Horror is always a genre that incorporates deeper themes or addresses larger societal issues. What do you feel this film communicates about the Indigenous experience in Australia today?
I know for Jon, certainly, that the immediate goal was to have the film as a love letter to all the mob. He extended that to the parallels between, whether it’s Native American Indigenous people or Māori mob, as a love letter to say, “You belong.” No matter what government policies removed them. They are one of us and they belong here. I think that’s such a beautiful place to come from, in terms of a message that you want your horror film to have. I think, for me, one of the things it does is show how you can assume that if you’re ticking all the boxes, and you think you’re doing all the things in life that you lead you to access a successful life, you should deserve nice things. A nice house, a nice family…stuff like that. But I would say it’s a warning. If you deny Aboriginality, you’re going to be fucking miserable. That’s my own personal political vendetta in the film. I guess it’s like, pay some respect to where you come from, because it will come back to haunt you in ways that you can’t even imagine. I think that’s evident in the film.
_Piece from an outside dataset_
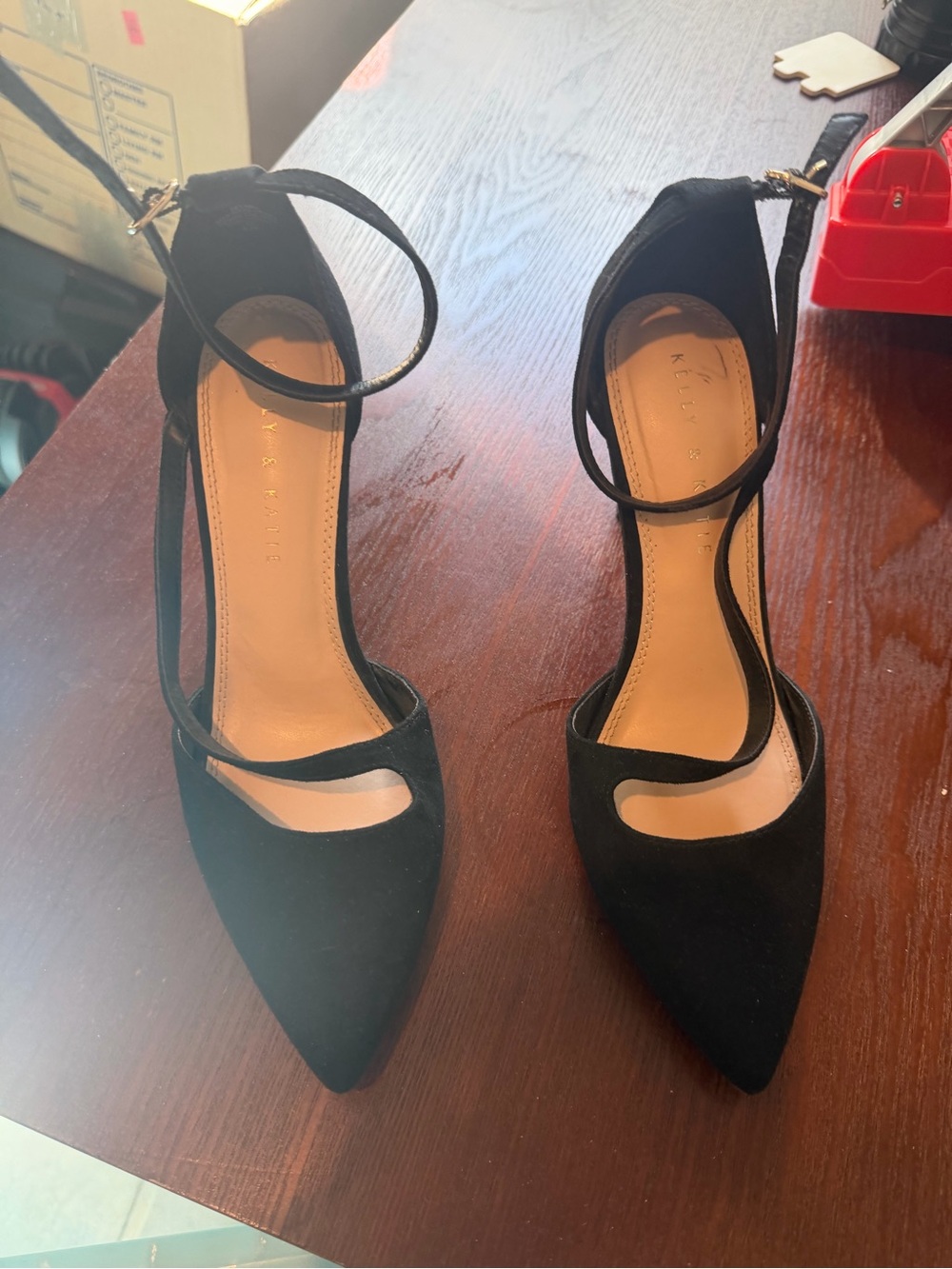 Aomens Black Pointed Ankle-Strap heels size 8.5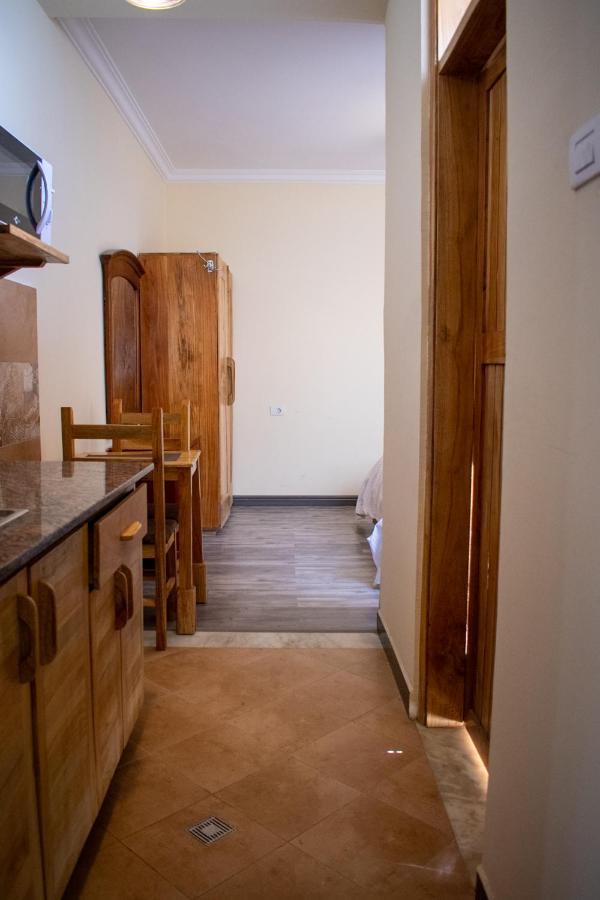 Choice Guest House 2 Адис Абеба Екстериор снимка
And looking at direction, did working on the film influence you in your own creative process?
Oh, my gosh. Do you know what was so awesome? Was actually just giving that all away to the storytelling and allowing myself to just be so completely present with Jon as an actor. I’ve had a really fortunate career, but Jon is someone that, you know, I went on this incredible experience with him. It was built entirely on trust, and he allowed me as an actor to go places, but to also have these incredible conversations that influenced me (as a director). I want my actors from hereon to feel like they can trust me, because all I want is for them to spread their wings and fly. Jon really showed me another side of directing.
No matter how ambitious your screen vision is, ultimately you have to be able to talk to your actors, and you have to make them trust you. And (Jon) went above and beyond in recognizing the weight of what this story meant for me as an Aboriginal woman. There were just some really specific moments that I actually feel a bit protective of talking about, but they were so special to me as an Aboriginal woman and a director storyteller.
It’s always nice to hear that as terrifying as something comes across on screen, the experience itself is quite light. Not saying the themes in the film are, but it certainly seems like the experience was one for you.
There were days on set where our first AD would threaten to separate Meyne (Wyatt, actor) and I, or Clarence (Ryan, actor) and I because we couldn’t stop laughing. There has to be a part of the process when you’re making something as traumatic as a horror film to have an outlet to relieve the pressure. Mainly so you don’t go home like a fucking mad person (laughs).
The Moogai is now screening in Australian theatres.